# Task item
Please output the section of the listing below that opens with the line containing "Funny Rabbit Digital" and closes with the line containing "Pcs C&UL Listed", exactly and with nothing else.

# Data shown
□ □ □ □ □
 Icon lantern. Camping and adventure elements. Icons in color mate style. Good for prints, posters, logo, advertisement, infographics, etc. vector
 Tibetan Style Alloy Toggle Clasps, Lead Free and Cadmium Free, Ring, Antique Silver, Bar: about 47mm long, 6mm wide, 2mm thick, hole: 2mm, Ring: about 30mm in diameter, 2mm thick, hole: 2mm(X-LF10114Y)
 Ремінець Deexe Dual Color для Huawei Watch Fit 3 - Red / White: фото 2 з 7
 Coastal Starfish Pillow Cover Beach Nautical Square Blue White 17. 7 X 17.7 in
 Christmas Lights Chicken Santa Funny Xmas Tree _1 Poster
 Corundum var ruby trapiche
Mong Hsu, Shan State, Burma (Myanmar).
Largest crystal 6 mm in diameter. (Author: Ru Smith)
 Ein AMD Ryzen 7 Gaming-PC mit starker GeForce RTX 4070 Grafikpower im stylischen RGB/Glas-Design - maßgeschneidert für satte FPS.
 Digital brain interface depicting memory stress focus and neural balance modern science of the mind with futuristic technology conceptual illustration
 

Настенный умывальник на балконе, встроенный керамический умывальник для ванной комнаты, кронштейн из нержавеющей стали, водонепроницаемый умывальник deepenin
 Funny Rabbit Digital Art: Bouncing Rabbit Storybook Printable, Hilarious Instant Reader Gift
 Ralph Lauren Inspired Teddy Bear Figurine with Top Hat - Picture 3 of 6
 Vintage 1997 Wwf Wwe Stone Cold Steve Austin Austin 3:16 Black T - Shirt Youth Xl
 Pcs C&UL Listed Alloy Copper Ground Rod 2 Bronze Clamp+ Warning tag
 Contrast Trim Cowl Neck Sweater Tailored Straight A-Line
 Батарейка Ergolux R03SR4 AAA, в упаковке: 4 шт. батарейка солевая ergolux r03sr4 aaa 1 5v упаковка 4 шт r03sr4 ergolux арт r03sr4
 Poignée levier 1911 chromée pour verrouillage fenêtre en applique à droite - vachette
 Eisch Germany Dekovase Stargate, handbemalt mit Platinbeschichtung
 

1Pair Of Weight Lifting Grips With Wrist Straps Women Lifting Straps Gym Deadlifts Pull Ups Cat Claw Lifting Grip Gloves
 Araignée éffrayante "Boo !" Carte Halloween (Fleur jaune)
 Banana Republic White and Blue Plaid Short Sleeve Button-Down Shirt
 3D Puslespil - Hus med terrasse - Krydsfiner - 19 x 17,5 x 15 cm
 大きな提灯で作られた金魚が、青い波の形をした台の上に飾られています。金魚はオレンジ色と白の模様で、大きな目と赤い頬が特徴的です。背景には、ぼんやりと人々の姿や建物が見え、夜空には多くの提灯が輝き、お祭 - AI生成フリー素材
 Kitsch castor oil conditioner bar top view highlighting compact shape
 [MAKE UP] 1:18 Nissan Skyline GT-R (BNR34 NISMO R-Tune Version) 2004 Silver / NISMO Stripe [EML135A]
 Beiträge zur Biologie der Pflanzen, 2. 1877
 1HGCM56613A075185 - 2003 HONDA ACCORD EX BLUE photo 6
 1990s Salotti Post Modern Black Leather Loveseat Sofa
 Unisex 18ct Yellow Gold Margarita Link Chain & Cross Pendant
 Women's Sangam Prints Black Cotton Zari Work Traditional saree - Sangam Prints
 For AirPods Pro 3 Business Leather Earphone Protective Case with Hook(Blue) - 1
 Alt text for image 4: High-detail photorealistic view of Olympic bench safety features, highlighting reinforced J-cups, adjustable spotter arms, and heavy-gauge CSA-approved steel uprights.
□ □ □ □ □
# Exercise result
 Funny Rabbit Digital Art: Bouncing Rabbit Storybook Printable, Hilarious Instant Reader Gift
 Ralph Lauren Inspired Teddy Bear Figurine with Top Hat - Picture 3 of 6
 Vintage 1997 Wwf Wwe Stone Cold Steve Austin Austin 3:16 Black T - Shirt Youth Xl
 Pcs C&UL Listed Alloy Copper Ground Rod 2 Bronze Clamp+ Warning tag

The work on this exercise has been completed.